Function families help organize many different graphs by connecting them to a small set of parent functions. A parent function is the simplest version of a type of function, such as y = x for linear functions or y = x^2 for quadratic functions. Learning these families makes it easier to recognize patterns, predict graph shapes, and choose useful models for real situations.
This is important in algebra, precalculus, physics, economics, and any field where changing quantities are compared.
Key Facts
- Linear parent function: f(x) = x, a straight line with constant rate of change.
- Quadratic parent function: f(x) = x^2, a U-shaped parabola with vertex at (0, 0).
- Cubic parent function: f(x) = x^3, an S-shaped curve with origin symmetry.
- Square root parent function: f(x) = sqrt(x), domain x >= 0 and range y >= 0.
- Absolute value parent function: f(x) = |x|, a V-shaped graph with vertex at (0, 0).
- Common transformations use y = a f(x - h) + k, where a changes vertical stretch or reflection, h shifts horizontally, and k shifts vertically.
Vocabulary
- Function family
- A function family is a group of functions that share the same general graph shape and come from the same parent function.
- Parent function
- A parent function is the simplest form of a function type before transformations are applied.
- Domain
- The domain is the set of all input values x for which a function is defined.
- Range
- The range is the set of all output values y that a function can produce.
- Transformation
- A transformation is a change to a graph such as shifting, stretching, compressing, or reflecting it.
Common Mistakes to Avoid
- Confusing horizontal and vertical shifts is a common mistake. In y = f(x - h) + k, h moves the graph right when subtracted inside the function, while k moves it up when added outside.
- Treating every curved graph as a parabola is wrong. Quadratic, cubic, exponential, square root, and rational functions have different shapes, domains, end behavior, and symmetry.
- Forgetting domain restrictions leads to invalid answers. For example, f(x) = sqrt(x) has x >= 0, and f(x) = 1/x is undefined at x = 0.

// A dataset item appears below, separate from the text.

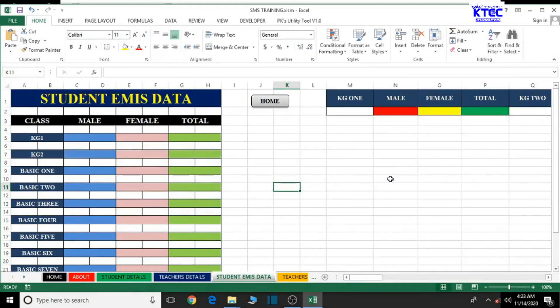Hello and welcome to another lesson in the creation of our school management system. In this lesson we're going to refer the student image data to the student details sheet, where we've just entered the formulas to have everything appearing on the student image data automatically. This is just about cell referencing, and that is exactly what we are going to do. We're already on the student image data sheet.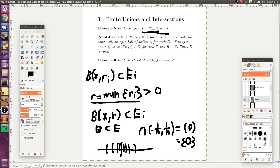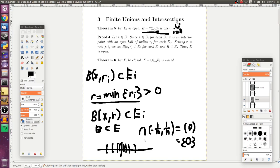We can also take the complement of the finite intersection theorem. Since the finite intersection of open sets is open, by DeMorgan's laws taking complements gives us a finite union of closed sets, which is therefore closed.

- Assuming a negative coefficient always shifts a graph downward is incorrect. A negative multiplier outside the function, such as y = -f(x), reflects the graph across the x-axis.
Practice Questions
- 1 Identify the parent function and transformations for y = 2(x - 3)^2 + 5. State the vertex and whether the graph opens upward or downward.
- 2 For f(x) = sqrt(x + 4) - 2, find the domain, range, and starting point of the graph.
- 3 A graph has a vertical asymptote at x = 2 and a horizontal asymptote at y = -1. Explain why it is likely related to the rational parent function y = 1/x rather than the linear or quadratic parent function.